- _EXERCISE DATA_:

::::

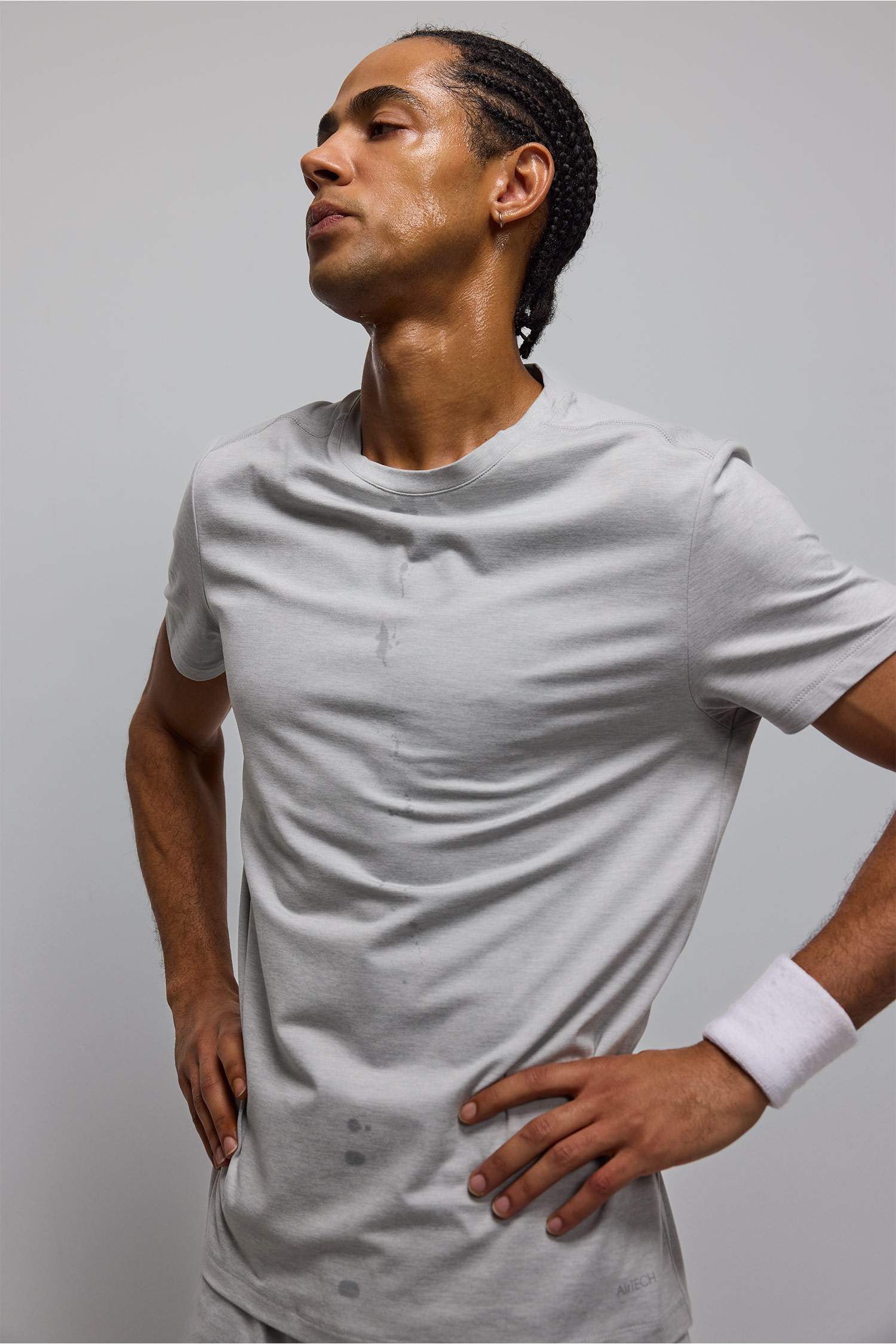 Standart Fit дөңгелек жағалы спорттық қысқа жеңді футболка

::::

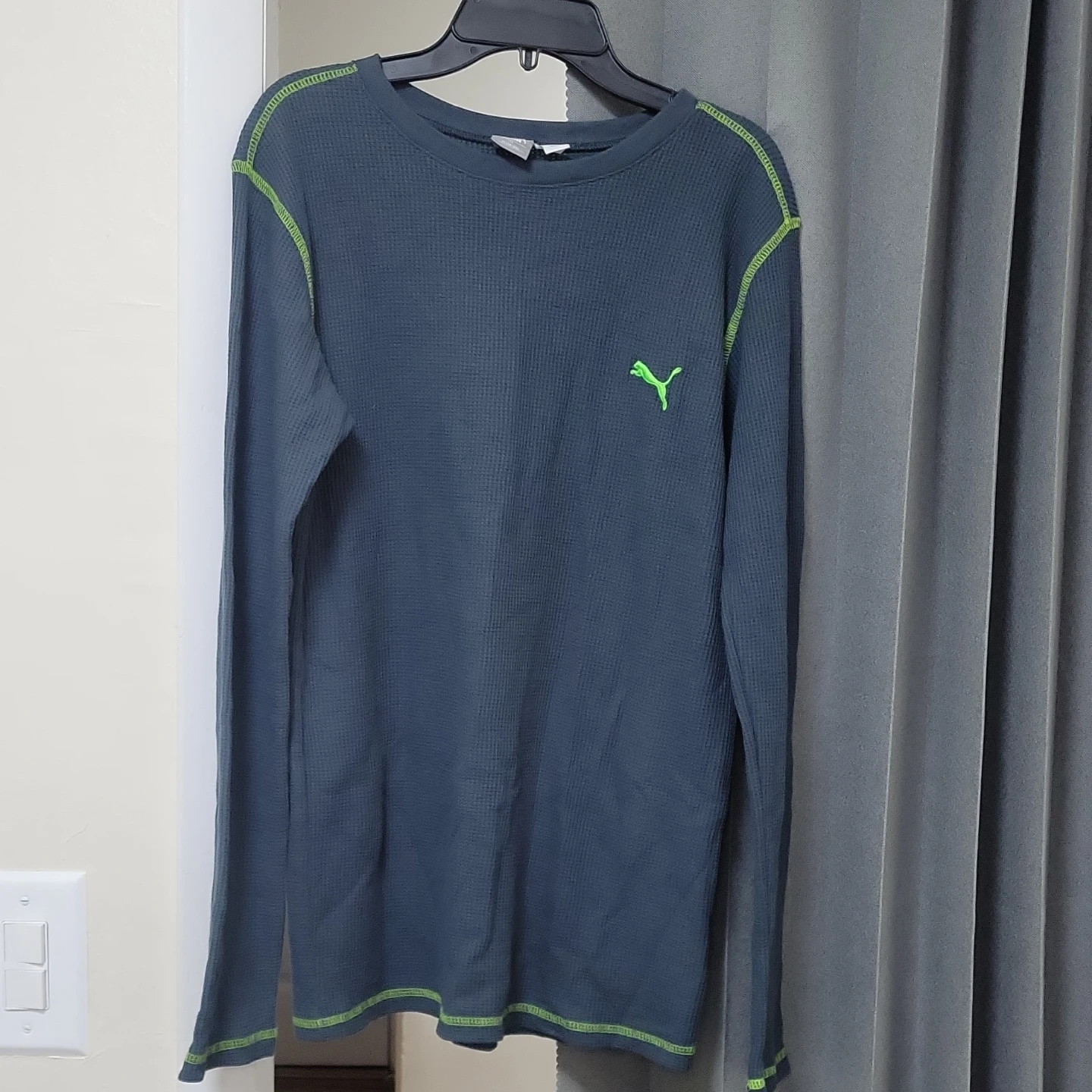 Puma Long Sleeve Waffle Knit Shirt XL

::::

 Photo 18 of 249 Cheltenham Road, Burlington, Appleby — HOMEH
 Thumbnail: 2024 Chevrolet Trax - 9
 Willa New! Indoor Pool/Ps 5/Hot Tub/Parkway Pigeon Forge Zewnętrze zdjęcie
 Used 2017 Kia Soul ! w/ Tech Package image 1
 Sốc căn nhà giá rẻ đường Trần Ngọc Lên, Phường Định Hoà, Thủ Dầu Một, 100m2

::::

- _THE TASK_:
Would you copy out exactly the lines above that start at the one containing "Thumbnail: 2024 Chevrolet Trax - 9" and end at the one containing "Sốc căn nhà", inclusive?

- _EXERCISE RESPONSE_:
 Thumbnail: 2024 Chevrolet Trax - 9
 Willa New! Indoor Pool/Ps 5/Hot Tub/Parkway Pigeon Forge Zewnętrze zdjęcie
 Used 2017 Kia Soul ! w/ Tech Package image 1
 Sốc căn nhà giá rẻ đường Trần Ngọc Lên, Phường Định Hoà, Thủ Dầu Một, 100m2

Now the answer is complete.